30 Years of Indiana Jones, Raiders of the Lost Ark

It was May 1977 and friends Steven Spielberg and George Lucas were vacationing on the beach in Hawaii together, each one seeking refuge from rigors of Hollywood filmmaking. Lucas was avoiding the opening weekend of a little space adventure called Star Wars. Spielberg was in post-production on Close Encounters of the Third Kind and mulling future projects, possibly a James Bond film.

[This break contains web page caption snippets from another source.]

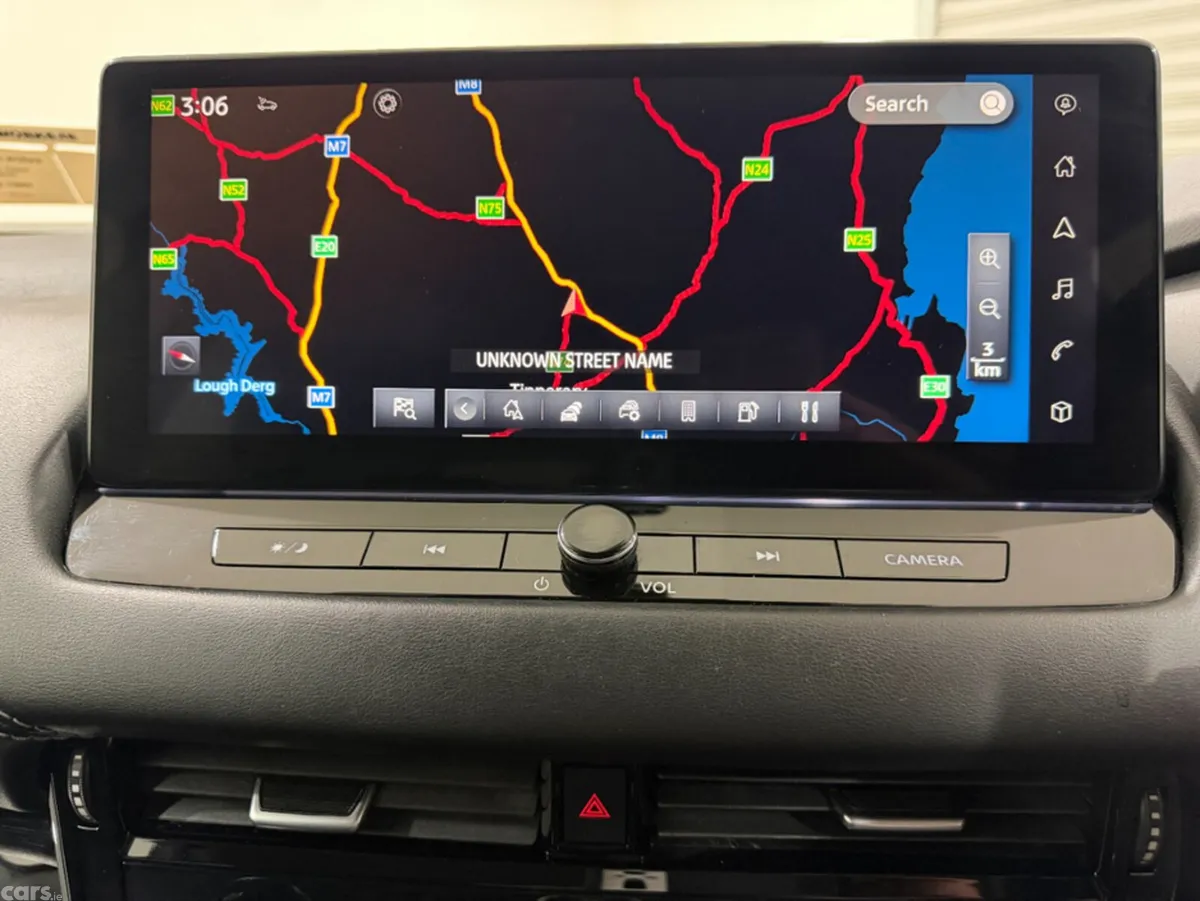 Nissan Qashqai SUV, Petrol Hybrid, 2023, Silver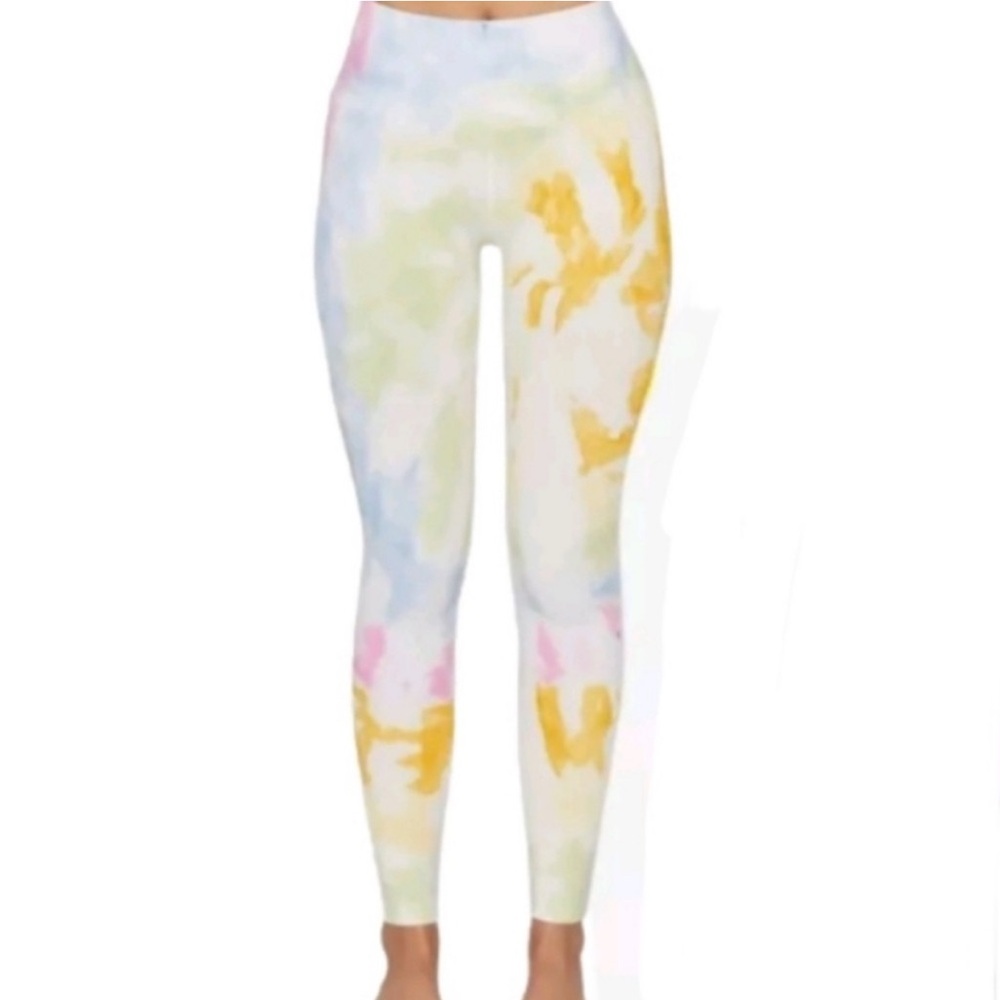 Spiritual Gangster NWT Tie Die leggings
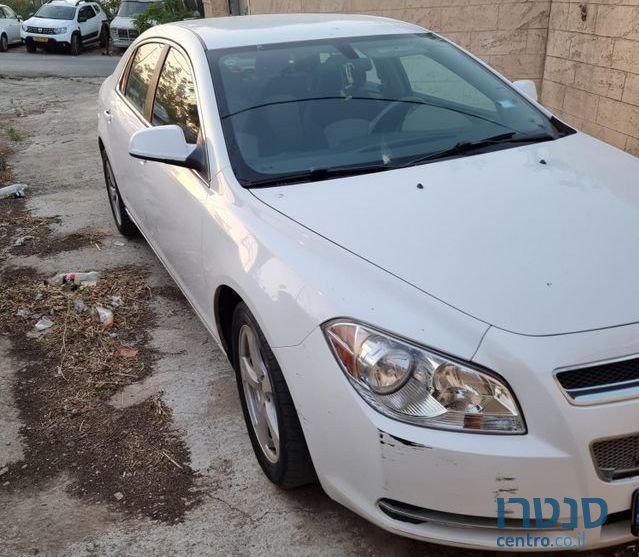 2011' Chevrolet Malibu שברולט מאליבו photo #6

 Lucas, seeing the opening of a lifetime, told Spielberg he had an idea of something like a Bond film only better, an action-adventure in the old tradition of the Saturday- matinee serials they both had grown up with as kids. It would take place in the '30s and feature a globetrotting archaeologist-adventurer, Indiana Smith, as he battled the forces of evil in search of the lost Ark of the Covenant. Lucas actually had an entire series in mind and called them his Raiders films. 

 Spielberg loved the concept, agreed to direct the film and both he and Lucas began developing the project over the next few years. As things progressed, Spielberg would go on to direct the ill-fated 1979 WWII comedy 1941 and Lucas began focusing his attention on the sequel to his now hugely popular Star Wars film, 1980's The Empire Strikes Back

 Finally, four long years after that initial conversation on a Hawaiian beach and featuring a fedora-wearing, whip-cracking character now called Indiana Jones, Raiders of the Lost Ark arrived in theaters on June 12, 1981. I was 10 years old at the time and the theatrical one-sheet poster said it all: "From the creators of Jaws and Star Wars." I loved Star Wars, was still reeling from emotional revelations of The Empire Strikes Back the previous summer. I had just secretly caught Jaws on cable and was wonderfully scared to death. And as if I needed further incentive, it starred Harrison Ford, Han Solo, my boy. Needless to say when my Dad picked me up on opening weekend and asked what I wanted to do, "See Raiders of the Lost Ark "were the only words that fell from my lips. 

 From the the retrieval of the idol inside the Peruvian temple to the fateful opening of the Ark one hundred minutes later, Raiders is a relentless thrill ride stuffed to the gills with one outlandish, heart-pounding sequence after another: the shoot-out in Marion's tavern; the chase through the streets of Cairo; the unearthing of the Ark inside the snake-infested Well of Souls; the fist fight with the German mechanic next to the Flying Wing; Indy taking on the German army aboard the cargo truck. Simply put, Raiders of the Lost Ark is the greatest action-adventure film of all time.

 It's hard to imagine anyone but Harrison Ford playing Indy (Tom Selleck was Lucas and Spielberg's first choice but he couldn't get away from Magnum P.I. Somehow I just can't see Tom's mustache staring out under the brim of that fedora). Ford elevates the character beyond a one-dimensional action hero, infusing it with the perfect balance of charm, wit, ruggedness and vulnerability, making Indy's credo of "making this up as I go" utterly engaging and completely relatable. 

 Karen Allen shines as Indy's feisty former flame and "partner" Marion Ravenwood, John Rys-Davies provides just the right amount of levity as Jones' sidekick Sallah and Paul Freeman and Ronald Lacey are devilishly fun as Indy's villainous foils Rene Belloq and Major Arnold Toht.

 And then there's John Williams' rousing, iconic score, probably his best behind Star Wars and E.T. Williams' music is a living, breathing character, perfectly in sync with every bit of action and just as intrical to the story as any of the principals. Take the score away and I'm probably not writing this piece thirty years later.

  Raiders became the highest-grossing film of 1981 and would go on to earn $380,140,454 worldwide throughout its nearly two-year theatrical run. It spawned three highly successful sequels, a Disney attraction, action figures, video games, comics and countless imitations.

 Yes, it's hard to believe it's been thirty years since George Lucas and Steven Spielberg caught lightning in a bottle and introduced one of cinema's most iconic characters in one of the most entertaining and often-revisited films of all time, the gold standard of action adventures. The things Saturday-matinee dreams are made of.